The idea meets opposition from other quarters, too. Jagjit Pavadia, the current narcotics commissioner of India, said in an interview that if the world becomes ready to buy more morphine for the dying poor she would like Indian farmers to benefit first. Because of falling demand, India has slowly cut its licensed farmers from 150,000 to 62,000.

A third-generation opium farmer in Neemuch, India, was even more adamant. “We have 150 years’ experience in selling to government,” said Ramchandra Nagda, who also grows wheat, garlic and spices. “There is better control here than there ever will be in Afghanistan.”

The United Nations drugs office estimates that heroin rings buy about 30 percent of India’s crop, despite the efforts of 1,200 narcotics control bureau officers. Diversion in Afghanistan, a lawless warlord state, would presumably be far harder to control.

In the British press, there is some serious discussion of the Senlis proposal. But in the United States, the idea has attracted little attention. The council attributes this partially to the lobbying power of the religious right and law enforcement groups, both of which react with horror to any talk of legalization.

“It’s almost theological, their opposition to our idea,” said Norine MacDonald, the council’s founder.

Also, both she and Mr. Bhattacharji said, with a $600 million annual budget for eradication, the field attracts paramilitary contractors with deep connections to the Bush administration, including Blackwater USA and DynCorp International, both of whom train Afghan anti-narcotics police.

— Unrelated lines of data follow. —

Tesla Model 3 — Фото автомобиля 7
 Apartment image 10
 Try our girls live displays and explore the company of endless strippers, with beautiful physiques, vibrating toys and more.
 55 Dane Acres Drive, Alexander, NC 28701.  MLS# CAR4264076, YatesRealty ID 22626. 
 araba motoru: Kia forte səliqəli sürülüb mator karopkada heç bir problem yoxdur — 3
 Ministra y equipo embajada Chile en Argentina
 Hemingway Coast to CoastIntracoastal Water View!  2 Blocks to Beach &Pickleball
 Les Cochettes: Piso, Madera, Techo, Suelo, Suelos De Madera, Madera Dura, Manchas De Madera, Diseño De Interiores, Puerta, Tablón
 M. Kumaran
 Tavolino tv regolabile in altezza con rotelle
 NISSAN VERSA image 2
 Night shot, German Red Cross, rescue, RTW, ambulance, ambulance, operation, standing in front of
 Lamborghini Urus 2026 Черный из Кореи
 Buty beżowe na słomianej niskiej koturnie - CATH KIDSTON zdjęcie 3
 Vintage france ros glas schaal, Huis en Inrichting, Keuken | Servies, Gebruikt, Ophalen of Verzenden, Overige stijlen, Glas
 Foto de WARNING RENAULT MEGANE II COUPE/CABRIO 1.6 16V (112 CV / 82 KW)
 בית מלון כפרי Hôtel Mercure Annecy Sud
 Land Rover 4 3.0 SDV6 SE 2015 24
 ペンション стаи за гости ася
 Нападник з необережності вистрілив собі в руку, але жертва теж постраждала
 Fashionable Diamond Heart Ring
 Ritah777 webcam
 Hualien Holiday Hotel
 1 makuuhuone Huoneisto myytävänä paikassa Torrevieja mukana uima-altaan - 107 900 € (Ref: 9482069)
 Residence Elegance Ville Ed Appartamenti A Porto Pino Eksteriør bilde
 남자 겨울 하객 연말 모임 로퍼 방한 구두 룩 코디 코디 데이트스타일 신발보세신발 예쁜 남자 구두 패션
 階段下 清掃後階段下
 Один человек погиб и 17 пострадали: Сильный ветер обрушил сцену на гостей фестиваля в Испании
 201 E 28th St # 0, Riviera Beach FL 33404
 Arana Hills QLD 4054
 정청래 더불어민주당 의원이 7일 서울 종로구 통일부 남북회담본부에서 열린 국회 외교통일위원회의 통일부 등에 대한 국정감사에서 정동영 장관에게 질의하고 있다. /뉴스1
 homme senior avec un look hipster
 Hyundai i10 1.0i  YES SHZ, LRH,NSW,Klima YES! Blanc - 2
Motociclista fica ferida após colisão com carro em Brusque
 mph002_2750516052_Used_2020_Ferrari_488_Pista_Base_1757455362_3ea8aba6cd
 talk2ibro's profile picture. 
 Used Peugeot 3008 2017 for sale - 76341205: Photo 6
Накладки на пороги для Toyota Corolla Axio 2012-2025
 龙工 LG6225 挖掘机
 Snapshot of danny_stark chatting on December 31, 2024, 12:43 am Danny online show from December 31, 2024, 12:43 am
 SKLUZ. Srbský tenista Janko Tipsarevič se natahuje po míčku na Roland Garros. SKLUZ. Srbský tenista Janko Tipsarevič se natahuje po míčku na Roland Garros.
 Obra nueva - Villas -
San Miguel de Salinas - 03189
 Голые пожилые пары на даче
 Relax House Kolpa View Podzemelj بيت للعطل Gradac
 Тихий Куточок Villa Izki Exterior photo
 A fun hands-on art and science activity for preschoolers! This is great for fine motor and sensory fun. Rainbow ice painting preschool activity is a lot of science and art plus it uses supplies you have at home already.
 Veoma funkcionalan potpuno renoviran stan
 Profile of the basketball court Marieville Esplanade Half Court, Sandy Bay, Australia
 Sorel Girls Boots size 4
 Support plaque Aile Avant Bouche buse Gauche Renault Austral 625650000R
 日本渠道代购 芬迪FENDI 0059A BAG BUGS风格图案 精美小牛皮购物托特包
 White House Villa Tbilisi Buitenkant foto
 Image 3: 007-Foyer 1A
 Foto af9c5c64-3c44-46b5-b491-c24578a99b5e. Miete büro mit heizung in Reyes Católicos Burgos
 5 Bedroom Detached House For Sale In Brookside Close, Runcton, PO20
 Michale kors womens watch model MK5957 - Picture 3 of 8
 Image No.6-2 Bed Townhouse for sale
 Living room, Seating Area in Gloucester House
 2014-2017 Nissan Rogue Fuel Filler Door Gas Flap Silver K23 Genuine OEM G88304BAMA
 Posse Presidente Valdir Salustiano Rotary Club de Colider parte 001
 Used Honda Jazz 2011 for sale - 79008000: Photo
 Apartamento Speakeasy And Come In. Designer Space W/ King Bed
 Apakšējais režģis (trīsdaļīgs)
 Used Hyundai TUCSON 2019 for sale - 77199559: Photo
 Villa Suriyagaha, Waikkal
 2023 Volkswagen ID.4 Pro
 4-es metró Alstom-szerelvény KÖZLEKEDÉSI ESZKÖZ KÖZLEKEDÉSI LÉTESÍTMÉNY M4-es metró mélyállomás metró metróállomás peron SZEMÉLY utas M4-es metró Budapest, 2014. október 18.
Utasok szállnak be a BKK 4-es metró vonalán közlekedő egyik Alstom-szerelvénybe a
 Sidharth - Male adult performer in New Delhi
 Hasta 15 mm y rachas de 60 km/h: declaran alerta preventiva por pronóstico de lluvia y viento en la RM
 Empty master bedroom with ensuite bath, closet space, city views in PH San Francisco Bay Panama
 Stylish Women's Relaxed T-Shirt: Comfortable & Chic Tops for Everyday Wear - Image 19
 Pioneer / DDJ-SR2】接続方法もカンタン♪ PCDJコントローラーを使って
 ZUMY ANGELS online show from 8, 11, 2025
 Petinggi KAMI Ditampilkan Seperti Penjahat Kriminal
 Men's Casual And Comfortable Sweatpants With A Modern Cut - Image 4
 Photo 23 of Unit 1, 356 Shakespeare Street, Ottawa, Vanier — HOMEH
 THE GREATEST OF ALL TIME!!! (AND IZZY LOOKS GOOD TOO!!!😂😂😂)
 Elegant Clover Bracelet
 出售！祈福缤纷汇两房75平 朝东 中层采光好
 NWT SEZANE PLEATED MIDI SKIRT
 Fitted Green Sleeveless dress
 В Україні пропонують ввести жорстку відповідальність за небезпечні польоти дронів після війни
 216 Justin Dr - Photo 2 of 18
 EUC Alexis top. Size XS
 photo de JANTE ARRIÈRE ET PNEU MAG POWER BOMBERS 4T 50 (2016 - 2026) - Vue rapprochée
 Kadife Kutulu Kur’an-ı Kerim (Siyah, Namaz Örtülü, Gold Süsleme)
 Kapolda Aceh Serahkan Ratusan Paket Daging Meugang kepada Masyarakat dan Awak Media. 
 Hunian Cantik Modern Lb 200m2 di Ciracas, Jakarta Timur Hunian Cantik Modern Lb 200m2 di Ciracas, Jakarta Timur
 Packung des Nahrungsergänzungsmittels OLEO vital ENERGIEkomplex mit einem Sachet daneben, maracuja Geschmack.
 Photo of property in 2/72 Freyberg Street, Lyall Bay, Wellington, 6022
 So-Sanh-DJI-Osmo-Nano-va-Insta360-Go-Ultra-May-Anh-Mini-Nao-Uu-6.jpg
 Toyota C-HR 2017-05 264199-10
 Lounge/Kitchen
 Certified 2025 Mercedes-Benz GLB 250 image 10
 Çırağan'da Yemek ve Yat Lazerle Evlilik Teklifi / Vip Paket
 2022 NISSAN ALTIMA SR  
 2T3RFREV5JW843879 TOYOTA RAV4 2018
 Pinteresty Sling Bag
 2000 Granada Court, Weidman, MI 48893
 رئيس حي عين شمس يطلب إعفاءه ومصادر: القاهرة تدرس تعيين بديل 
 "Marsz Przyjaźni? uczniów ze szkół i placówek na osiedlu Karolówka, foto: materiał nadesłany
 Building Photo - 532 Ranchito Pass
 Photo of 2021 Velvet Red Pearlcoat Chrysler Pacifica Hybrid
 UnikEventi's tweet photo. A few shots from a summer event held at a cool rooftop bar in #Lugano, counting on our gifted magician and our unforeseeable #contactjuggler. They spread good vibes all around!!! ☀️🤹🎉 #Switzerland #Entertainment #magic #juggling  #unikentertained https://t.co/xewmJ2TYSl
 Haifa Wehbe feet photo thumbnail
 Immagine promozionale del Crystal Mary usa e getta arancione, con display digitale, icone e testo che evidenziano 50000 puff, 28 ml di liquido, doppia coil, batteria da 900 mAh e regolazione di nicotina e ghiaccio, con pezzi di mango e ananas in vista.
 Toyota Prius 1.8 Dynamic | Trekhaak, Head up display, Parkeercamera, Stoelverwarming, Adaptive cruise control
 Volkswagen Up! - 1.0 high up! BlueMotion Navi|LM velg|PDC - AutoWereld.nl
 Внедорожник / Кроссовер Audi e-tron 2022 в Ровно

Mr. Schweich called such a view “cynical and inaccurate” and maintained that local Afghan governors were the leading force in eradication, though he agreed that their efforts were plagued with nepotism and corruption.

In any case, many experts — even those favoring the use of Afghanistan’s crop for morphine — say it does not change one looming reality: the heroin trade is so large and so lucrative that someone, somewhere, is going to grow the poppies for it.